# Dash swap question



## mikeprojectrb (Nov 16, 2003)

I was reading on SCC web site about there siliva project that they got the 180sx tach to work on the 240sx's dash by unscrewing it off the clip's dash and triming and putting it on along with the screws from the 180sx (the clip the got the sr20det out of). My question is when I put a rb20det in a k24e car what are my optios, can I use the the sohc dash like SCC or do I have to use the whole skyline dash? (I know the rb is a six cylinder don't flame me on that part) I really like the center tach w/digital speedo what model 240 did that come on or was that a option? I also saw when SCC did there hybrid how to on the rb25det they used the rb's dash and I saw I think it has a little boost gauge would that be fuctional after a swap is it acurate with stock boost?
http://www.sportcompactcarweb.com/projectcars/0402scc_projectsilvia/
http://www.sportcompactcarweb.com/tech/0309scc_hybrid/index.html


----------



## OPIUM (Aug 18, 2002)

dunno, but I'm using my stock cluster on my rb.
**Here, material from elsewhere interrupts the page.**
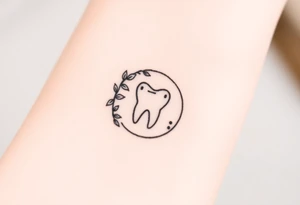 Tiny molar tooth outlined in black, framed by a crescent moon made of intertwining ivy leaves, soft stippled shading only at the crescent’s base.” tattoo idea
It's not done yet though.. almost, but still no.


----------



## RB25T_240 (Feb 4, 2004)

i'm not done with my swap either but i'm planning on putting the rb25det cluster into my car with the stock dash.


----------



## HondaHater (Aug 27, 2003)

off topic::you better sell that whack ass honda witha whack ass "gsr" turbo. next time just say "p.o.s. honda - sold"


----------



## RB25T_240 (Feb 4, 2004)

yeah...the honda was pretty whack but it could take hold its own..but i'm glad i'm into the RB 240s now bc i can make so much more power with so much less money than those hondas.


----------



## HondaHater (Aug 27, 2003)

RB25T_240 said:


> yeah...the honda was pretty whack but it could take hold its own..but i'm glad i'm into the RB 240s now bc i can make so much more power with so much less money than those hondas.


hell yah :thumbup:


however i cant help but noticed that you typed "so MUCH LESS money..." lol. but you made the right choice nonetheless.


----------